SALWA RADIO - Menebar Salam, Menyebar Dakwah
Stay in touch with us:

Wajah Berminyak, Sahkan Wudhu'?


Akhwat
2 weeks ago on Ibadah

Assalamu'alaikum warahmatullahi wabarakatuh Terkadang ketika ana hendak berwudhu', wajah ana agak berminyak, dikarenakan kulit ana juga memang tipenya mudah berminyak. Jika ana berwudhu'dlm keadaan wajah ana yg berminyak tsb apakah wudhu' ana sah? Mengingat bahwa air tidak bisa meresapi minyak. Begitu pula terkadang telinga ana berminyak dan ana mengusap telinga ana. Apakah sah wudhu'ana ? Jazakallahu khairan
Redaksi salamdakwah.com
2 weeks ago

 

وعليكم السلام ورحمة الله وبركاته

 

Wallahu ta'ala a'lam sepengetahuan kami minyak yang diproduksi oleh wajah tidak sampai menghalangi air mengenai wajah karena dia tidak berubah dzat nya dan menjadi penghalang air mengenai wajah. Syaikh Utsaimin rahimahullah pernah ditanya tentang seorang wanita yang memakai minyak rambut di kepalanya lalu ia mengusap rambutnya dalam wudhu, apakah wudhunya itu sah ataukah tidak?

Beliau menjawab:
Sebelum menjawab pertanyaan ini, saya ingin menerangkan bahwa Allah Subhanahu wa Ta’ala telah berfirman dalam al-Qur'an, (Al-Maidah: 6)


 يا أَيُّهَا الَّذِينَ آمَنُوا إِذَا قُمْتُمْ إِلَى الصَّلاةِ فَاغْسِلُوا وُجُوهَكُمْ وَأَيْدِيَكُمْ إِلَى الْمَرَافِقِ وَامْسَحُوا بِرُؤُوسِكُمْ وَأَرْجُلَكُمْ إِلَى الْكَعْبَيْنِ


“wahai orang-orang yang beriman, apabila kaliah hendak mengerjakan shalat, maka basuhlah muka kalian dan tangan kalian hingga siku, dan sapulah kepala kalian dan (basuhlah) kaki kalian hingga kedua mata kaki.” 

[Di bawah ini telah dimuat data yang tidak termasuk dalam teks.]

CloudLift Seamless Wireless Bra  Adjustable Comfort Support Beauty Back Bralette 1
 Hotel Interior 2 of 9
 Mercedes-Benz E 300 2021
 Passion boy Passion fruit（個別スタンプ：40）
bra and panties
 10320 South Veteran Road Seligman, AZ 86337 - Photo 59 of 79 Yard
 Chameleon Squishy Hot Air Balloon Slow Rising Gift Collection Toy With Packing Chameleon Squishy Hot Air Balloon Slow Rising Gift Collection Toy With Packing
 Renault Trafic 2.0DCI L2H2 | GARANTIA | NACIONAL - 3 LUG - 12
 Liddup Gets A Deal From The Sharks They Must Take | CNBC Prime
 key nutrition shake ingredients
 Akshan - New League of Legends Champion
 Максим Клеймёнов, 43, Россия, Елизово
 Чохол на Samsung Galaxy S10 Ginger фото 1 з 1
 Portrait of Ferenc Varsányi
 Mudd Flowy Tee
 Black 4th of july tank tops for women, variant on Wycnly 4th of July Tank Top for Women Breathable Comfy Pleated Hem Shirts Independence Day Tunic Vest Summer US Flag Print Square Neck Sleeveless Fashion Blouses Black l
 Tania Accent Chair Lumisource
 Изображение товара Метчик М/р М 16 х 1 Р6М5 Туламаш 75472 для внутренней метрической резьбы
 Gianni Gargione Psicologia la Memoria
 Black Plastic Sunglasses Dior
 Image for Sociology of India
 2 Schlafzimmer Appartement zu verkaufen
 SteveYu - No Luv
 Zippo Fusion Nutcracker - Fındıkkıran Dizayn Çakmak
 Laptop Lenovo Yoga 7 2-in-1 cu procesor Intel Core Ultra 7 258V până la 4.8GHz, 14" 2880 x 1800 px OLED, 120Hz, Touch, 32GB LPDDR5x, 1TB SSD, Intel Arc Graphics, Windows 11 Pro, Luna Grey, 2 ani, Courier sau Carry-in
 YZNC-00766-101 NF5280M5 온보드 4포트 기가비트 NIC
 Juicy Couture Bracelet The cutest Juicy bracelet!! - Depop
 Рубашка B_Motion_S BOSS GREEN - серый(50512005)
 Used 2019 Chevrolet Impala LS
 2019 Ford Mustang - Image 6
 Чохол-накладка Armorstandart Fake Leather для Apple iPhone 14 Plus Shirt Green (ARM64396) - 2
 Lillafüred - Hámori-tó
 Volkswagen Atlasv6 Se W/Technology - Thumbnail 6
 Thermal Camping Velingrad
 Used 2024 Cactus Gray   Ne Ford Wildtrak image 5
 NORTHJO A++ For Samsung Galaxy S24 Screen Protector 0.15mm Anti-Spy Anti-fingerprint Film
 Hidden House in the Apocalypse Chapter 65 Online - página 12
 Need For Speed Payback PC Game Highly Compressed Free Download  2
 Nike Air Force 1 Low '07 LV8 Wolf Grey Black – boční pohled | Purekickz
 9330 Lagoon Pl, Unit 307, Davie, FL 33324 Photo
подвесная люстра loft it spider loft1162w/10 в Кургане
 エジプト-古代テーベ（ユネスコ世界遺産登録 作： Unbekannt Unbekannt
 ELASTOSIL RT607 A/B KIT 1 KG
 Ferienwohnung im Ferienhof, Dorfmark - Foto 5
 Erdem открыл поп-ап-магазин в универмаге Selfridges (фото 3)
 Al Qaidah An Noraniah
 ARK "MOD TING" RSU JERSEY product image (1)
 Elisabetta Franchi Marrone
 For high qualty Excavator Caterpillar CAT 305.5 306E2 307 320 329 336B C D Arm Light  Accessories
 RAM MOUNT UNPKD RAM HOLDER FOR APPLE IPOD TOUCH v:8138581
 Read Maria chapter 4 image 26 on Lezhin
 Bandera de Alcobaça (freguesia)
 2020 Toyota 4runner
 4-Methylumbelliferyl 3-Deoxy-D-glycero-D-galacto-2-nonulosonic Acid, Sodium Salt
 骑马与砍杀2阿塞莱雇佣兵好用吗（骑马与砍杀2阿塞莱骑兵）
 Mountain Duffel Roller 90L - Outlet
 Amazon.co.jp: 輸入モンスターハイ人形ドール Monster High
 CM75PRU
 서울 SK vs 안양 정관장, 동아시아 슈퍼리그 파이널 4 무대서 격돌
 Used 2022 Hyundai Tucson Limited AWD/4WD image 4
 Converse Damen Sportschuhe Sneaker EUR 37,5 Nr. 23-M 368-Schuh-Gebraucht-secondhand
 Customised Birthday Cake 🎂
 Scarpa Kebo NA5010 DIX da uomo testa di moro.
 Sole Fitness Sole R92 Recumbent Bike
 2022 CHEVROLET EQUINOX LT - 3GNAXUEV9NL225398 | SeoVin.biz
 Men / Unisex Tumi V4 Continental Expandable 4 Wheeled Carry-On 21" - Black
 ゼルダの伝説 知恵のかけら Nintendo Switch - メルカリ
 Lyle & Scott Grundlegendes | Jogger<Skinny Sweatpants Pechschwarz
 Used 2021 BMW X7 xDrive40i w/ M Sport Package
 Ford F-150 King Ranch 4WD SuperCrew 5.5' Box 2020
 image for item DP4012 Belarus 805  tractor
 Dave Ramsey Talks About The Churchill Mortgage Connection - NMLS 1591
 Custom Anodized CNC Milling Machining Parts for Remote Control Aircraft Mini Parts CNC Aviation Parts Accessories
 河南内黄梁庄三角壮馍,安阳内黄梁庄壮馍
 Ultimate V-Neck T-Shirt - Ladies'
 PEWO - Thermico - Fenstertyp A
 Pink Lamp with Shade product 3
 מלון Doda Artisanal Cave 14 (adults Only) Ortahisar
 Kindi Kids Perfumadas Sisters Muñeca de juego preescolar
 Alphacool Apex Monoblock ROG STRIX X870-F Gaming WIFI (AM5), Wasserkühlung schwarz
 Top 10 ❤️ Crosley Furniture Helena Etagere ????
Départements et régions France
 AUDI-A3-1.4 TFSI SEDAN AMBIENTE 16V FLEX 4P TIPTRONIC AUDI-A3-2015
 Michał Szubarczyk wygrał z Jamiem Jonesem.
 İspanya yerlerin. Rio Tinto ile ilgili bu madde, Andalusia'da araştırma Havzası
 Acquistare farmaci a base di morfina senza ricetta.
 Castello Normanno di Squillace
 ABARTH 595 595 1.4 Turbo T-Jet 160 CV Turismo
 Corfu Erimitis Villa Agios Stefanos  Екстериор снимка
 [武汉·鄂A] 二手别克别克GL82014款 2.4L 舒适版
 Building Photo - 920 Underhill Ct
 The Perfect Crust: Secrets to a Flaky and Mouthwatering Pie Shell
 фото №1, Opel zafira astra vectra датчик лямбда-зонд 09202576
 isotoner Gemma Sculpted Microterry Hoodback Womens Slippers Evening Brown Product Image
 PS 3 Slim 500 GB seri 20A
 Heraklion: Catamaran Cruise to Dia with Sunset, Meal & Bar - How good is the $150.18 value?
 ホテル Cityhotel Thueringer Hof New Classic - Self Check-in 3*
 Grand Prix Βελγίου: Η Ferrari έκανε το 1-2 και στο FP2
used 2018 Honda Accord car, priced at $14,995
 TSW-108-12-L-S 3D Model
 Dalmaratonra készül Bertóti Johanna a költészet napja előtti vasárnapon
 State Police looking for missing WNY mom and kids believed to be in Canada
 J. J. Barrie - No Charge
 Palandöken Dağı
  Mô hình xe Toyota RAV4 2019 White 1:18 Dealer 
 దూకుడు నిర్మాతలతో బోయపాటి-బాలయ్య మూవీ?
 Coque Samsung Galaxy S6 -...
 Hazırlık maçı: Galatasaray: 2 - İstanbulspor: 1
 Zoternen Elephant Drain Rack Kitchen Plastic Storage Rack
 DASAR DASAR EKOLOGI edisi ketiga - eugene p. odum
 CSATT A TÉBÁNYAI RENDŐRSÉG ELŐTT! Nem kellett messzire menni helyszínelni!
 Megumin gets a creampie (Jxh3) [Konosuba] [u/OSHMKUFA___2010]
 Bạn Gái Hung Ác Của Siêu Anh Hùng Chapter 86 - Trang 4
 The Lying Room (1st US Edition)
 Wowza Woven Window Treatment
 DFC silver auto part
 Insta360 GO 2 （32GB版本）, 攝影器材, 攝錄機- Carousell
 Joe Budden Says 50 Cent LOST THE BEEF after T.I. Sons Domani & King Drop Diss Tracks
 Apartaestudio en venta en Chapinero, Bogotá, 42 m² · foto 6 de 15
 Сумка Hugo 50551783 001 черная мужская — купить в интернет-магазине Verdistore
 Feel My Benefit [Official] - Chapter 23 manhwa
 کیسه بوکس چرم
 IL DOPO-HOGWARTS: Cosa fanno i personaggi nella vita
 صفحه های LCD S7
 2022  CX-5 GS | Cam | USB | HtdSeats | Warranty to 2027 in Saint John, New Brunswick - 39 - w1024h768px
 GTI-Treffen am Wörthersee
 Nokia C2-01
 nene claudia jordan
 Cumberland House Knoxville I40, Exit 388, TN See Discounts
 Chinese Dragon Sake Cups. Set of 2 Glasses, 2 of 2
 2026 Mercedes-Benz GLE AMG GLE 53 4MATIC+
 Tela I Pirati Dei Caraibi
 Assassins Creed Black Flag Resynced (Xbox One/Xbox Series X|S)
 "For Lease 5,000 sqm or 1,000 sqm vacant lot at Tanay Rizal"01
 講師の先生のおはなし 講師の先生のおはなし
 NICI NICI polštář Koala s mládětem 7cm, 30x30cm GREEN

Perintah untuk membasuh anggota wudhu dan mengusap bagian yang harus disapu (pada ayat ini) mengharuskan penghilangan sesuatu yang menghalangi mengalirnya air pada anggota wudhu. Sebab bila ada sesuatu yang dapat menghalangi mengalirnya air pada anggota wudhu, maka orang itu belum membasuh atau mengusap bagian itu.

Berdasarkan hal itu kami katakan, Sesungguhnya jika seseorang menggunakan minyak pada anggota wudhunya, bisa jadi minyak itu akan menjadi beku hingga menjadi suatu benda padat, maka pada saat itu wajib baginya untuk menghilangkan benda padat itu sebelum ia membersihkan anggota wudhunya. Sebab jika minyak itu telah berubah menjadi beku sedemikian rupa maka hal itu akan menghalangi air untuk sampai pada kulit anggota wudhu, dan kala itu wudhunya dianggap tidak sah. 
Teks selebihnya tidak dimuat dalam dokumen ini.